During the annual Canadian Forest Ministers Conference in Saskatchewan, this week, B.C.’s forestry minister voiced the urgent need for federal government support for workers and communities impacted by the downturn in the forest sector.
Calling on the federal government, Doug Donaldson proposed the province’s deputy ministers and Canada’s deputy ministers develop an action plan that sets out the details for further federal funding.
“I took advantage of the fact there were federal officials at this meeting and used it as a forum to let other provinces know the really important urgent situation that B.C. is in,” Donaldson told the Tribune.
“The deputy minister informed me she already had discussions with Minister Sohi, as well as other ministries involved in the targeted interventions that we are seeking support for.”
Donaldson also hand delivered a three-page letter addressed to the Honourable Amarjeet Sohi, minister of natural resources, and met with the deputy minister, Christyne Tremblay, while at the conference.
“Across B.C., the industry has announced current and future reductions at 22 locations, including three permanent facility closures, 12 temporary facility shift reductions or closures, and eight indefinite facility shift reductions or closures,” he stated in the letter. “Collectively, more than 3,900 employees are impacted across 16 communities.”
Donaldson said he will be speaking again with Minister Sohi next week.
After meeting in communities most-impacted by the downturn, Donaldson said his ministry came up with a number of interventions to cover the ‘varied circumstances’ found in those communities.
“In some instances the work force is older,” he said. “In one community a third of the work force that is impacted is about 55 years old so some of those people are looking for bridging funding between now and retirement pension kicking in so we are looking at early retirement.”
While visiting another community, Donaldson learned when a mill in that community had to curtail its operations, that left the employees short in the number of weeks needed for employment insurance benefits.
“We are asking for some flexibility on those with the federal government,” he said.
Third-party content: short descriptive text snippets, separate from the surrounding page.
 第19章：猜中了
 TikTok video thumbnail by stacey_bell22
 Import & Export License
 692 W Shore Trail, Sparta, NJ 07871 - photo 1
“Then there is general assistance around the co-ordination of efforts in communities and the transition of the forest industry from conventional products to products that are newer and have a different future.”
MLA Donna Barnett in her weekly column titled Where is the forest minister? in the Wednesday, Aug. 14 edition of the Tribune, criticized Premier John Horgan’s recent appointment of Lower Mainland MLA Ravi Kahlon as Donaldson’s parliamentary secretary.
Kahlon will be responsible for launching a public relations campaign in communities hardest hit by mill closures.
“Born and raised in Victoria, Kahlon is a nice young man with an impressive background in field hockey, but he’s sadly lacking of any knowledge about the forest industry or rural communities in general,” Barnett noted in the column.
Responding, Donaldson described Barnett’s comment as ‘unfair, unfortunate, a ‘personal attack and unhelpful.’
“It’s not the kind of effort we need to assist communities and workers and First Nations and the issues they are facing because of mill curtailments and closures. I am more than happy that parliamentary secretary Ravi Kahlon has been appointed to my ministry. This is a very large file. It shows the importance we are putting towards it and he will get full support of my ministry staff.”
Kahlon, he added, has personal experience in his own family with his father being a mill worker and having to struggle during those years when he was laid off from mills.
Donaldson said the forest sector has a major role to play currently and an exciting future.
“We have to deal with the short-term impacts on workers and communities and that’s why we are taking the actions we are taking and why we have been active in communities on that front through rural development teams,” he said.
“We also have to take action in the mid-term and long-term by switching our emphasis on the value versus volume and the ability to use the fibre that’s left in the forest for higher value uses is why the future is so bright for B.C.”